Short web captions:
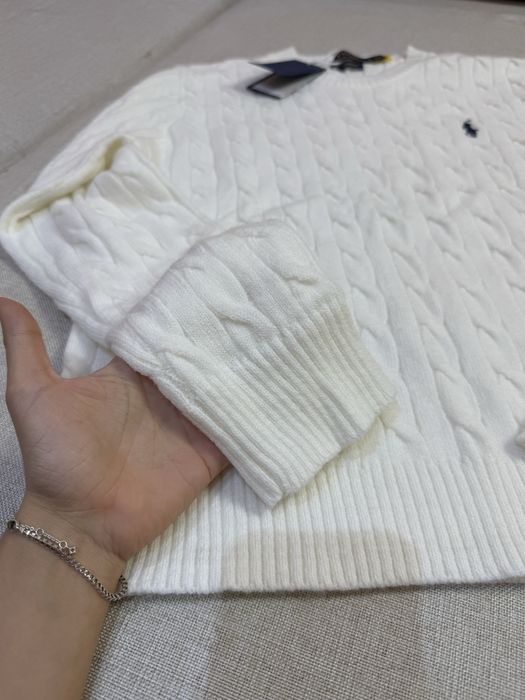 Pulover Polo Ralph Lauren - alb, marimea S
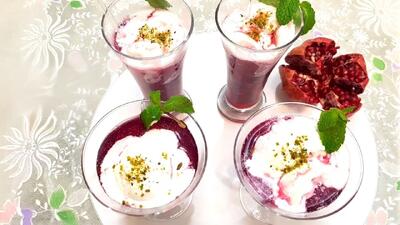  چگونه انار گلاسه یلدایی درست کنیم‎‎ ؟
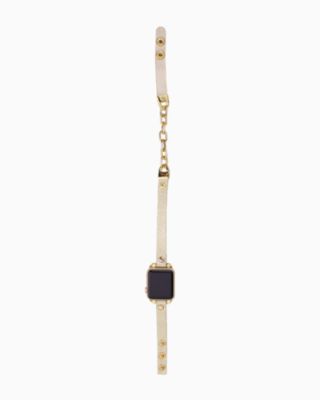 Skinny Apple Watchband, Gold Metallic, large - Lilly Pulitzer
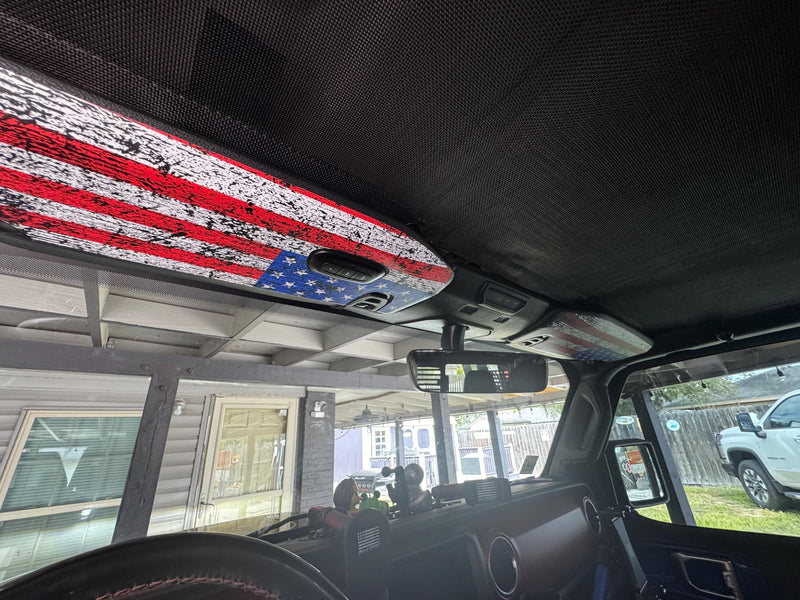 Freedom Series Sun Visor Overlays (Printed Series) - 2018+ Jeep Wrangler JL / Jeep Gladiator JT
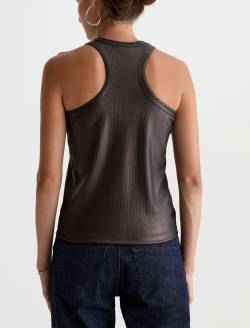 Michelle Top Ltt Lt Burnt Umber Coated High-Neck Tank WOMENS TOPS Photo 8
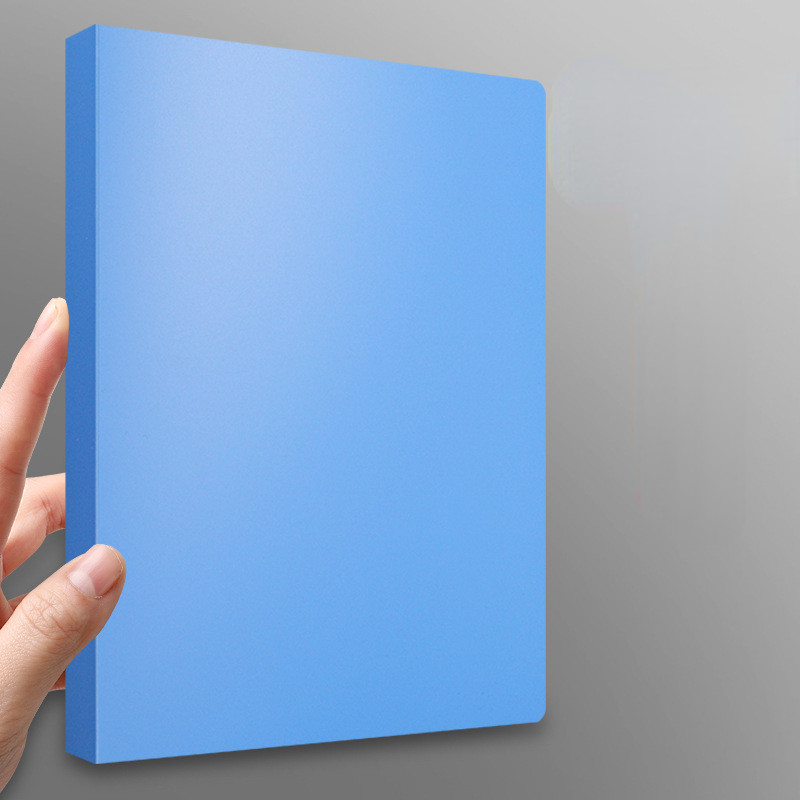

2023 NEW A4 4-hole D-type clip clip Blue PP folder perforated transparent binder folder a4 folder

▸ Task item
Transcribe each of the records above precisely, with no pictures in the copy.

▸ Answer for this exercise
 Pulover Polo Ralph Lauren - alb, marimea S
  چگونه انار گلاسه یلدایی درست کنیم‎‎ ؟
 Skinny Apple Watchband, Gold Metallic, large - Lilly Pulitzer
 Freedom Series Sun Visor Overlays (Printed Series) - 2018+ Jeep Wrangler JL / Jeep Gladiator JT
 Michelle Top Ltt Lt Burnt Umber Coated High-Neck Tank WOMENS TOPS Photo 8

2023 NEW A4 4-hole D-type clip clip Blue PP folder perforated transparent binder folder a4 folder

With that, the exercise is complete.